Sangat lazim kita temui ketika kita baru saja membuka pagar rumah, kita dihadapkan pada baliho-baliho dari para Calon Legislatif (Caleg) yang telah menguasai bahu jalan. Sayangnya, ada pula penggunaan APK seperti spanduk yang tidak sesuai pada tempatnya, seperti ditempelkan pada pohon-pohon yang menurut aturan dari KPU itu melanggar aturan. Padahal, di Pasal 34 peraturan Peraturan KPU No.15 Tahun 2023 tentang Kampanye Pemilihan Umum, disebutkan bahwa bahan kampanye wajib dipasang di lokasi yang tidak dilarang berdasarkan peraturan. Pemasangan juga mempertimbangkan etika, estetika, kebersihan, dan keindahan kota atau kawasan setempat. Namun, aturan ini seakan-akan tak diindahkan oleh para aktor-aktor politik yang berkampanye.

Selain itu, penggunaan baliho juga tentunya menghabiskan dana yang besar. Para Caleg bisa saja menghabiskan setidaknya ratusan juta rupiah hanya untuk alat peraga kampanye saja (baliho). Karena hal tersebut, praktik korupsi di kalangan aktor politik ini tidak dapat terhindarkan.

Papan baliho di Jepang. Sumber: Instagram/suci_amanda_illustration

Di pemukiman penduduk Jepang sangat jarang ditemui baliho. Kalaupun ada, penempatannya harus sesuai aturan dan harus rapi. Setiap Caleg hanya memiliki satu ruang tempel poster. Meski begitu, para Caleg di Jepang merasa sudah sangat cukup dengan regulasi-regulasi alat kampanye yang telah ditetapkan oleh pemerintahnya.

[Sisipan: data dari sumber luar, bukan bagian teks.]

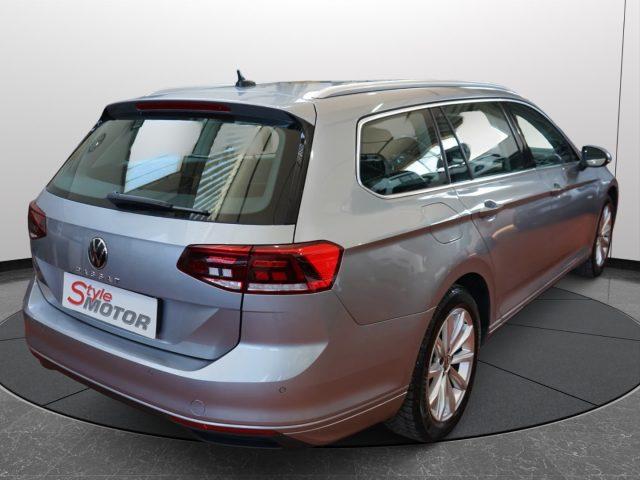 VOLKSWAGEN Passat Variant 2.0 TDI SCR EVO DSG Business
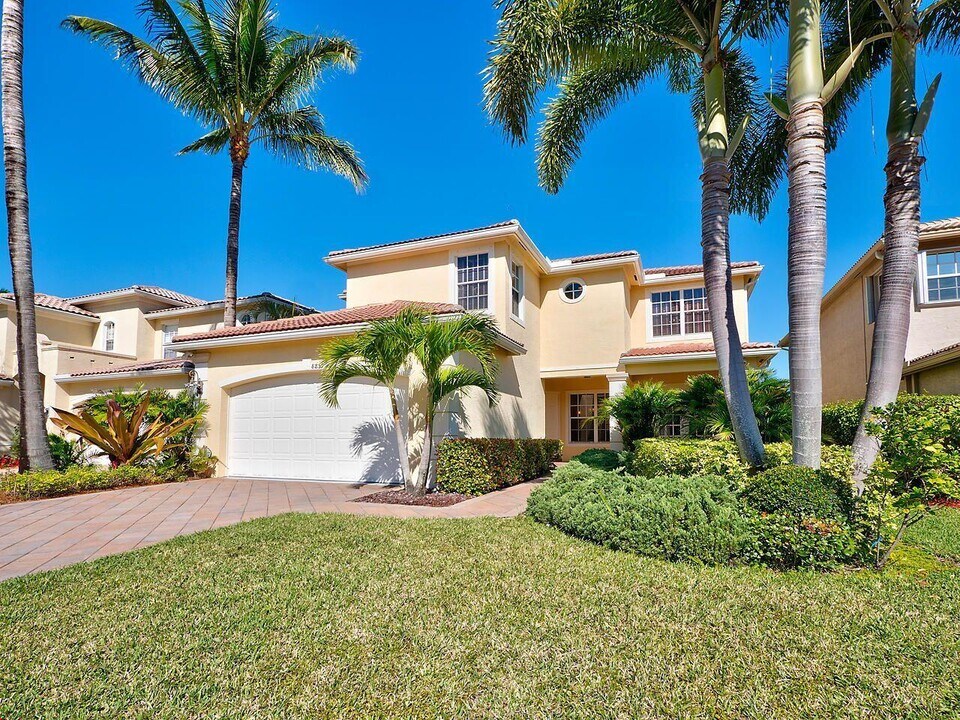 8859 Hidden Acres Dr in Boynton Beach, FL - Building Photo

Sangat jarang juga ditemukan baliho atau spanduk yang tidak sesuai dengan tempatnya, karena Pemerintah Jepang telah menyediakan satu papan khusus dengan ukuran yang sama di beberapa titik untuk tim sukses kandidat menempelkan poster kandidatnya. Tujuannya adalah untuk menyamaratakan setiap kandidat agar tidak ada poster yang besar sendirian, serta agar masyarakat bisa menilai dan mengkomparasi kandidat-kandidat politisi dalam satu tempat. Hal yang paling penting adalah agar biaya politik yang dikeluarkan oleh politisi tidak besar, sehingga mencegah mereka untuk melakukan korupsi.